Ari Paul, CIO of cryptocurrency hedge fund BlockTower Capital, talks with Business Insider editor-at-large Sara Silverstein about the three main risks with investing in cryptocurrencies. Following is a transcript of the video.
Ari Paul:I’m Ari Paul, CIO of BlockTower Capital. These are the three main risks of investing in cryptocurrency.
Sara Silverstein:And when you look at cryptocurrencies in general what do you think the biggest risks are in investing?
Paul:So it’s a broad variety. So you have the investment risk, these are hyper volatile assets. As with equities or bonds, any particular equity can go to zero, right? Any particular company, any stock, and the same is true of cryptocurrency. So any particular cryptocurrency can definitely go to zero. And even if it ultimately wins, bitcoin on its path from 10 cents to $US7,000, it’s fallen 80% five separate times. So that’s incredible volatility, right? Then you have – you have operational risk. So how do you store these cryptocurrencies securely? And then you have regulatory risk. So the US is only about a quarter of the world market. So the US government is not an existential threat to cryptocurrency, but as a US investor it could certainly be a threat. If I’m an endowment and I invest in cryptocurrency, I am exposed to regulatory changes.

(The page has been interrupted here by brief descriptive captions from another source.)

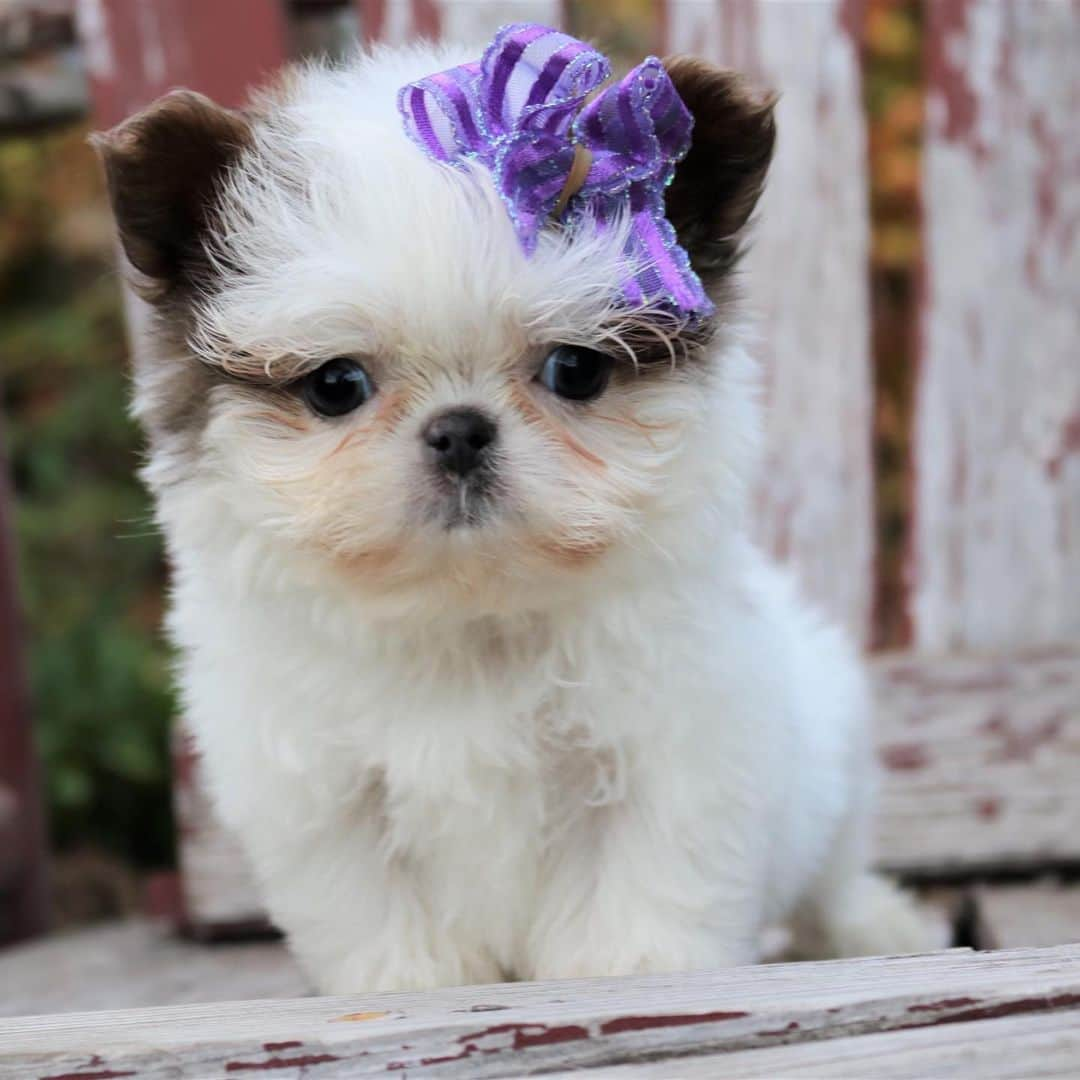 テラン・ヒロウさんのインスタグラム写真 - (テラン・ヒロウInstagram)「Meet GiGi & Turbo’s little sister, Mai Ly 🦁🌸 my sweet little lavender & cream, blue-eyed Chinese Imperial Shih Tzu」10月31日 15時12分 - terannhilow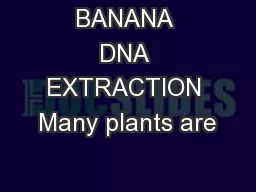 BANANA DNA EXTRACTION Many plants are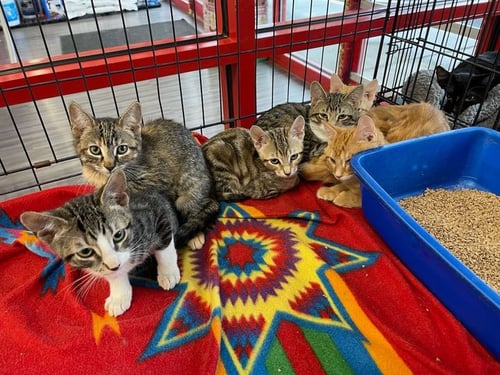 Everything Pets, Pet Store in Schenectady, NY
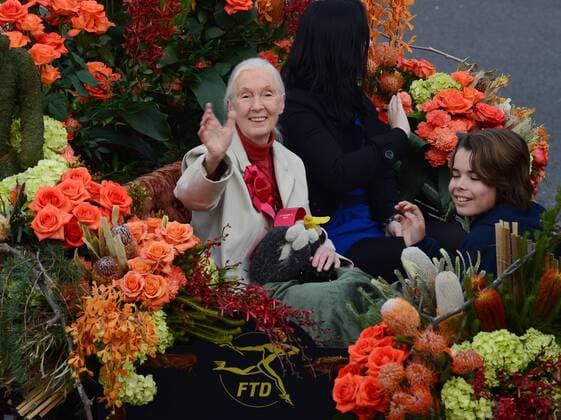 IMAGO ICONS: Jane Goodall Jane Goodall, the world s foremost expert on chimpanzees and Grand Marshall of the 2013 Rose Parade, waves to spectators as she makes her way down Colorado Blvd. in Pasadena, California on January 1, 2013.  LAP2013010114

Silverstein:And what’s the operational risk? What does that mean – does it mean that how I’m holding my bitcoin is at risk?
Paul:Yes, yes. So if someone wants to steal assets that are stored in equity or cash, it’s hard. So they can maybe wire money out of a bank account. It’s traceable, they’re probably going to get caught, wires are reversible. With cryptocurrency transactions are irreversible, and can potentially be made truly anonymous. And so the thief is more likely to get away with it. So it’s a tremendous target for hackers, it’s a target for thieves, including insiders, and in a large operation, and there’s potentially no recourse. So you have to be really, really careful that you’re storing cryptocurrency securely. And that’s a serious concern.
Silverstein:And for people who are just individuals and who use a program like Coinbase or a wallet like that, what are the concerns there?
Paul:So, having your assets with Coinbase is a little bit like having a lot of money with a bank. So FDIC insurance will cover you a little bit, but if you have $US20 million with JPMorgan – what you have is an IOU. You actually don’t – legally you don’t own the money, JPMorgan does – you have an IOU, you are a creditor of JPMorgan. So similarly if you have bitcoin sitting on Coinbase, you are a creditor of Coinbase. If they go under, it’s unlikely you ever get your bitcoin. So if they get hacked or bankrupted for some reason. So to actually really own your bitcoin or cryptocurrency, in a way that is secure, you need to have physical control over it. Now what does physical control mean, right? We’re talking about zeros and ones. So what that means is – to own cryptocurrency means you know, basically a password, it’s called a private key. The best way to store it securely for most people, is to used what’s called a hardware wallet. So there’s something called the Treasure or Ledger are two leading companies that make a very secure – kind of looks like a USB stick, and it’s the best security solution today. Where you can store it yourself, securely, in a way that probably is not hackable.